Need for according local community a stake in forest control
Even as he wants the State to share the control of forest resources with local communities, Union Environment Minister Jairam Ramesh says the single biggest threat to these resources comes from the push for development and growth.
He was speaking at a seminar here on Wednesday on ‘The Challenge of Self Organising to Govern Commons in India,” addressed by Nobel laureate Elinor Ostrom, an American economist, who called for a community-led approach to forest conservation.
Mr. Ramesh seemed to agree with her policy advice. “We are now trying to get away from State control of forests, as enshrined in the Forest Rights Act of 2006, to give the local community a stake in forest control,” he said, adding that under the community-led model of forest control, the government would have to take the responsibility of building the capacities of local communities.
Planning Commission Deputy Chairman Montek Singh Ahluwalia also agreed that it was important for the State to give authority to local people to make rules and impose penalties on the offenders. The Twelfth Five Year Plan would give primacy to this aspect as the business-as-usual approach had not worked, he said.

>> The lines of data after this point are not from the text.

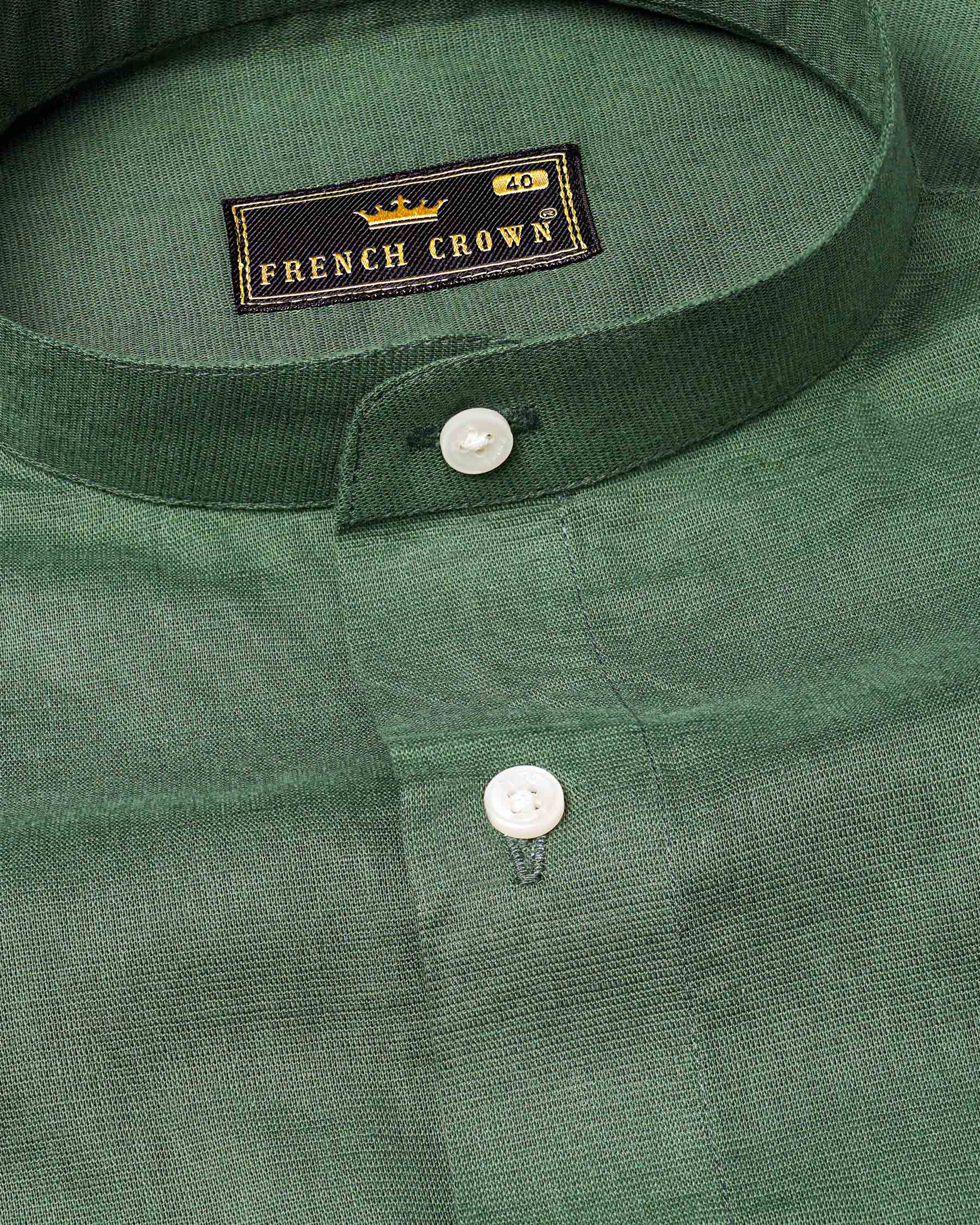 Finlandia Green Luxurious Linen Shirt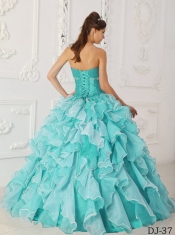 Aqua Blue A-Line / Princess Sweetheart Floor-length with  Taffeta and Organza Beading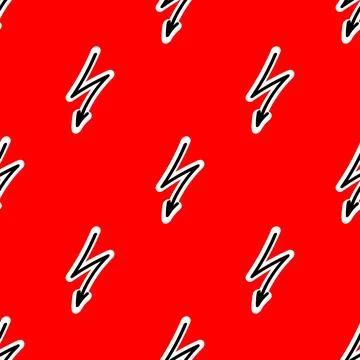 Seamless pattern with Lightning on a red backdrop Illustrazione stock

The Minister was confident of the government's ability to manage the threats of local encroachment by cattle and villagers. “But what can't be managed is this growth dynamic,” he said. “And I think in area after area and forest area after forest area, this is becoming the critical choice.” The drive for 9 per cent economic growth has spurred industry and development projects to make demands on the country's forest resources. Mr. Ramesh has become notorious for halting several high-profile projects due to ecological considerations.
Questioning the idea that one third of India must be under forest cover, he urged that quality of the cover be given more importance, as increasing the quantity may not be feasible given the demographic and development pressure on land.
“India today has about 70 million hectares under forest cover. Roughly about 21 per cent of India's geographical area is under forest cover. The theology since 1952 has been one-third of India should be under forest cover. After 19 months in this job, I still have to discover what the source of this theology is,” Mr. Ramesh said.
“That's why I am trying to change the debate from the quantity of forests to the quality of forests. Because if you look at the 70 million hectares of forest that we have, 40 per cent of this is the open degraded forest,” he added.